*** Opening DATA SEGMENT ***
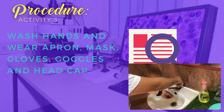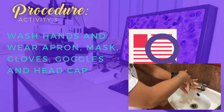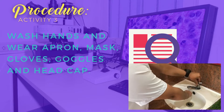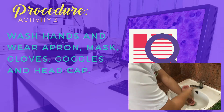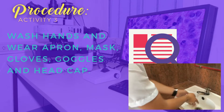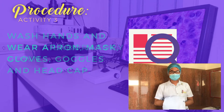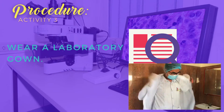Procedure 1: Wash hands and wear apron, mask, gloves, goggles, and head cap. Don't forget to wear your laboratory gown.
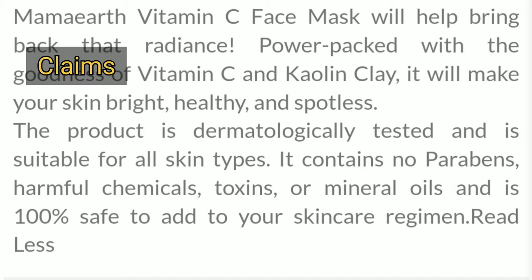Talking about the claims they have made on their website: they say it will make your skin bright, healthy, and spotless. It is dermatologically tested and suitable for all skin types, paraben free, mineral oil free, and chemical free. These were the claims they have made.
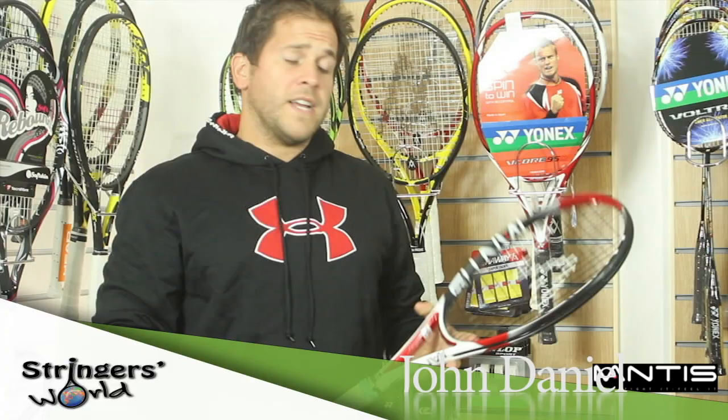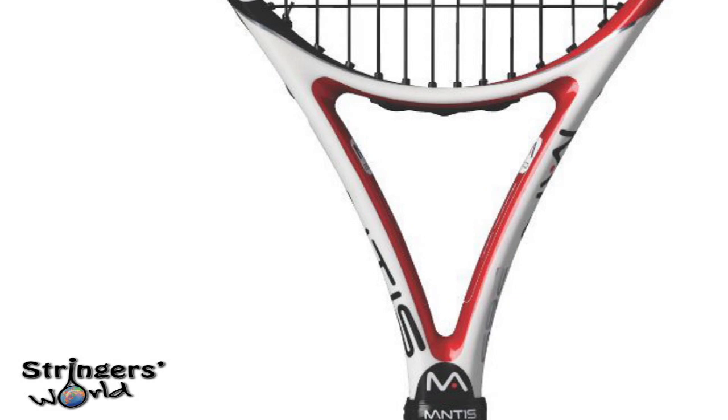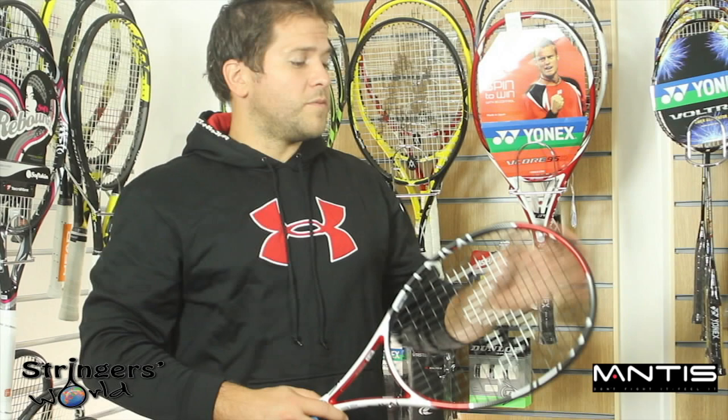Welcome to Stringer's World. This is the Mantus 265, which comes with a 1619 head pattern and weighs 265 grams. It's more head-heavy than the other rackets in the Mantus range, although it still uses a very similar, if not the same, frame.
*** Closing DATA SEGMENT ***
Start at the first line and set down all of the data exactly, passing over the pictures.

Procedure 1: Wash hands and wear apron, mask, gloves, goggles, and head cap. Don't forget to wear your laboratory gown.
Talking about the claims they have made on their website: they say it will make your skin bright, healthy, and spotless. It is dermatologically tested and suitable for all skin types, paraben free, mineral oil free, and chemical free. These were the claims they have made.
Welcome to Stringer's World. This is the Mantus 265, which comes with a 1619 head pattern and weighs 265 grams. It's more head-heavy than the other rackets in the Mantus range, although it still uses a very similar, if not the same, frame.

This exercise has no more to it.